Automation increases demand for skilled workers rather than replacing them—a counterintuitive pattern the speaker calls the 'allocation economy.' At a 25-person AI-native company, teams are hiring more humans while deploying agents, suggesting the future of work involves managing AI like managing people, not eliminating jobs.

Key Takeaways

  1. Apply manager-level skills to AI delegation: learn to delegate tasks, know when to micromanage, and break work into discrete units. This framework, proven at an AI-native company, is more valuable than technical AI skills for knowledge workers.
  2. Two primary AI work patterns are emerging: (1) Slack-based delegation to agents for discrete tasks (marketing, AB testing, proposals, deck-building), and (2) IDE-integrated agents like Claude Code for continuous knowledge work without context-switching.
  3. The 'allocation economy' principle: AI making expert-level capabilities cheap increases demand for human experts rather than replacing them, creating a paradox where companies automate heavily yet hire aggressively in parallel.
  4. Claude Code represents the template for future knowledge work—the speaker predicted it as the most underrated tool 12 months ago, and teams now code/work without context-switching by operating entirely in CLI/agent interfaces.
  5. Test AI adoption by establishing internal agent infrastructure (like Every's 'Claudie' bot running their entire consulting business) rather than relying solely on public tools—this enables custom workflows and reveals what work actually transforms.

Related topics

Transcript Excerpt

What AI does is it makes skilled human expertise available to everybody for cheap.
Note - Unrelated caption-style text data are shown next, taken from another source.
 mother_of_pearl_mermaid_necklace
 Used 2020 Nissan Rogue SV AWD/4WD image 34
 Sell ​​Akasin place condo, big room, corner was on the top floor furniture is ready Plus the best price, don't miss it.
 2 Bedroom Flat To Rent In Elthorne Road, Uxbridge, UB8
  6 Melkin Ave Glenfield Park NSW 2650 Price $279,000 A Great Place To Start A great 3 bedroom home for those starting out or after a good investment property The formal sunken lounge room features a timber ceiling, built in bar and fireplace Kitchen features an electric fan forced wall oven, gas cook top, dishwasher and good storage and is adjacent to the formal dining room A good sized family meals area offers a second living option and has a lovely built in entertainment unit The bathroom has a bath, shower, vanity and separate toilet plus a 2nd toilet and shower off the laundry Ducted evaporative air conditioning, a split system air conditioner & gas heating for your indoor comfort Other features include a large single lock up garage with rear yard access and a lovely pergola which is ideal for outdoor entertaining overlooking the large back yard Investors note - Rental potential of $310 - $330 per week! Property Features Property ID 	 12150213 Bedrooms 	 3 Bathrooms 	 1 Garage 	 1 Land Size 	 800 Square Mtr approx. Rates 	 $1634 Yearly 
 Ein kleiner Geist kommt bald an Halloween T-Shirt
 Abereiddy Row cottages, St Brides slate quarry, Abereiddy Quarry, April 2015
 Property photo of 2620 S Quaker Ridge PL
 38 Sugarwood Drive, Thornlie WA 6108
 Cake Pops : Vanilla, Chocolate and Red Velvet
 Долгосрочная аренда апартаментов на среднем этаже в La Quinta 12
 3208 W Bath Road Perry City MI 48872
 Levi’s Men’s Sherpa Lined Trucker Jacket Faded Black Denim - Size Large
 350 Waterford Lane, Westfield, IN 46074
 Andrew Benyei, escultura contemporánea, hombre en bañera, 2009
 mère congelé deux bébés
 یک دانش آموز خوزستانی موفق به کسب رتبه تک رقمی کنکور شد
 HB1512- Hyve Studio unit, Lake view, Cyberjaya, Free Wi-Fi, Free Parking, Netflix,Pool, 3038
And you would think that that would replace experts. And the reality is it actually increases the demand for experts. What I want to do for the rest of the video is unpack this paradox. What actually happens after automation? And why is it that it seems like for companies like ours, which are supposedly at the edge of automating everything, there's actually a ton of human work to do and we're hiring tons and tons of humans even as we use a lot of agents. What actually is going on there? Cuz look at Dario. Dario's out there being like AI could wipe out over 50% of all entry-level white-collar jobs. Ken Griffin, who runs Citadel, which is a gigantic hedge fund. He's sitting up on stage talking about seeing an …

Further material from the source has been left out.